Drew Chapman is the American crime author of The King of Fear and The Ascendant. He has also been a screenwriter for Disney, Fox, Universal, Warner Brothers and Sony and has co-executive produced the second season of the spy show Legends.
Drew Chapman says you need to create a hero that people can relate to. “I want to see a hero who’s sort of like me, who is just an everyday guy who might have a particular specialty in life who applies that specialty to the world.”
He believes that a strong story always centres on a character. “All of my books, all my television writing, whatever I do, it’s always about a character, it’s always about a person. I always shape the story around that one person.”
GETTING TO KNOW YOUR HERO
Drew’s books centre around a main character named Garrett Riley, a young bond trader in New York City. “It takes me weeks, sometimes years, while I’m working on other things to think of that character that I want to write. Like, in this case Garrett Riley. So, I have this guy and I’m like, ‘Oh, I want to write about him.’
“Then I think about who he is, and I sit down at my computer and this I guess is my Isabel Allende moment, right? I sit down and free associate about him and what his problem is and who he is and what his situation is – his parents and his past and his issues and his flaws and who he loves.
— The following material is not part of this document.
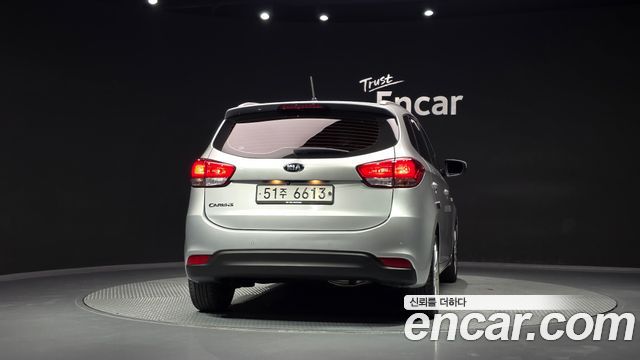 Kia Carens 2015 — photo 4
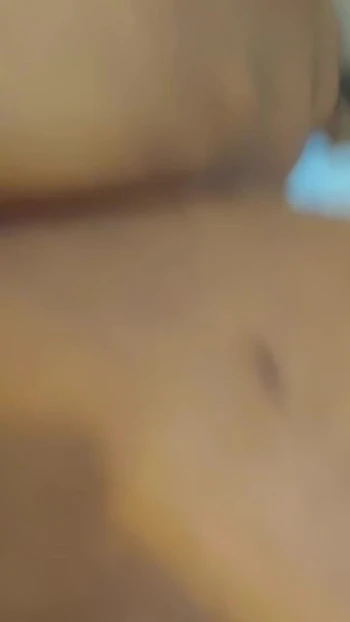 Big ass bitch puts on a SHOW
“And I just write that for as long as it takes. Sometimes it’s, like, an afternoon. Sometimes it’s, like, weeks. I just sit and I keep writing and the document can be 50 pages long, and it’s all just nonsense, but it gets it onto the page for me and I refine and I get closer and closer.”
THINKING IN THIRDS
“Once I’ve finished that up, I start laying out the story. And I work in big chunks. Because I’m trained as a screenwriter, I think in thirds,
I think in first act, second act, third act. So I think, ‘OK, in this first act this is what’s going to happen at the end of the first act. This is that big change, this is the big sort of reversal. Here’s my middle, and that’s going to be the middle of the book. Then at the end of that here’s my next big switch-a-roo. And then this is the goal I’m writing towards, here’s my finale. And here’s how it’s going to end. And even before I’ve figured out any of those in between stages, I need to know what the final scene is.
“I always say that this is not Tolstoy, this is a book you pick up at the airport in Los Angeles and you read as you’re flying to New York.
I love those books. I think those books are great and fun, but these always have these protagonist who are so macho and male, and like they could kill you with their little pinky, I just I don’t know that person. I’ve never met that person.”
DREW’S TIP: IN THE MIDST OF THE ACTION, IT’S ABOUT REVEALING YOUR MAIN CHARACTER
“I like to think that even though I write stuff that has a lot of sort of action and thriller-y, mystery stuff in it, it’s just a character study. It’s just about people. And, so what are the scenes that are interesting and fun that really reveal who this guy is and all of the people around him?”